New orders for nondefense capital goods excluding aircraft dropped 2.6% last month. The orders are a barometer of capital spending by
businesses and represent an important gauge of how manufacturing is doing. The drop in durables last month followed a 4.4% surge in March. Orders fell 1.1% in February but had shot up 4.0% during January.
Cisco (CSCO) shares dipped to new 52-week lows of $16.15 today after the company updated its fourth quarter revenue guidance in a 10-Q
filing. Meanwhile, 41,000 calls and 3,300 puts traded in the networking giant in the first 30 minutes of the trading session. The Sep 19 calls were today’s most actively traded equity options contract with more than 15,000 on the tape so far. Cisco July 16 and 17.5 calls are active, with 5,192 and 5,273 traded, respectively, and 97 percent of the volume trading at the ask. The overall flow in Cisco early seems somewhat bullish, even as shares fall to their lowest levels since March 2009.

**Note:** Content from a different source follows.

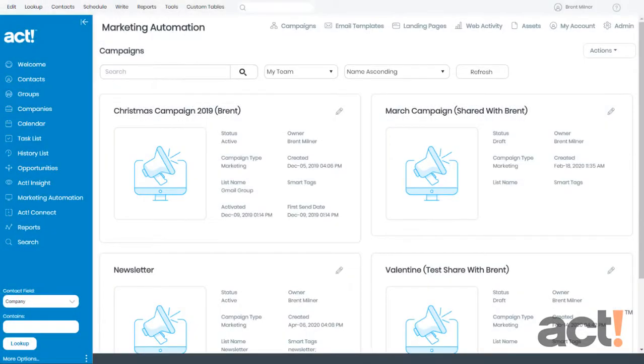Once you've created your email template in ACT Marketing Automation, you'll want to begin building its structure. Or maybe you just want to edit the structure of a current template.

El Paso (EP) has added another 91 cents to $21.13, the day after the natural gas producer announced plans to split itself into two publicly traded companies. Shares are in the midst of a two-day 11.3 percent rally and moving to new 52-week highs. Some shareholders might be looking to hedge their bets, as a block of 10000 Jun 17 puts was bought this morning at a nickel. It might be a closing trade, however, as the contract is almost 20 percent OTM and open interest is suffiicient to cover. The next biggest trade is a Jun 18 – 21 call spread apparently sold at $2.30, 4915X on CBOE and might also be a closing spread, as both contracts are now ITM. A June 20 – 21 call spread traded at 60 cents, 4676X on ISE, and is possibly offsetting as well. 37,000 calls and 21,000 puts now traded in EP.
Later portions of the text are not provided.